We use the county assessors info or real estate contract to verify. We print and file with permit. State here only allows the owner a permit on the home they actually live in the rest are treated as rentals and require licensed contractor to do the work. Our state law only allows the owner 1 permit in 12 months and if building a new home has to own for 2 yrs before they can sale other wise needs contractor.


----------



## ICE (Apr 18, 2019)

my250r11 said:


> We use the county assessors info or real estate contract to verify. We print and file with permit. State here only allows the owner a permit on the home they actually live in the rest are treated as rentals and require licensed contractor to do the work. Our state law only allows the owner 1 permit in 12 months and if building a new home has to own for 2 yrs before they can sale other wise needs contractor.



We do it sorta like that....except for the research.....your word and a drivers license is verification aplenty.
Have you ever eaten too many Good & Plenty?

People lie.....a lot.  I see for sale signs before the work is completed.  A guy driving an 850i says he will live in the currently vacant house.  His shoes cost more than the new windows.

Affidavits aren’t much good.

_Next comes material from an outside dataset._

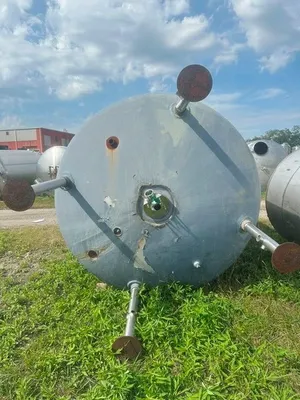 Used PROCESS ENGINEERING 1,900 GALLON Stainless Steel Tanks New Jersey US | Perry Equipment #122860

There’s nobody to police this.  I have written corrections to hire a licensed contractor and been overruled each and every time.  They get a sour attitude, “Are you calling me a liar?”  “That realtor's sign was there just to drum up some leads”.

I'm not sure whom this bit of law is supposed to benefit other than contractors.  It's like we made it illegal to stick up banks to keep the insider trader's money safe.

Some would say this is to protect potential owners......that will be the next layer of liar.....and protected from what?  Is there a big difference in outcomes if Flipper did it?  I inspect them all the same.....take no prisoners


----------



## my250r11 (Apr 19, 2019)

ICE said:


> I inspect them all the same....



I do this anyway, and some people lie. The previous BO put the office under a microscope from the State, so we do our best to stick to the letter of the law. 

Personally don't care who does the work I make sure its safe and compliant .


----------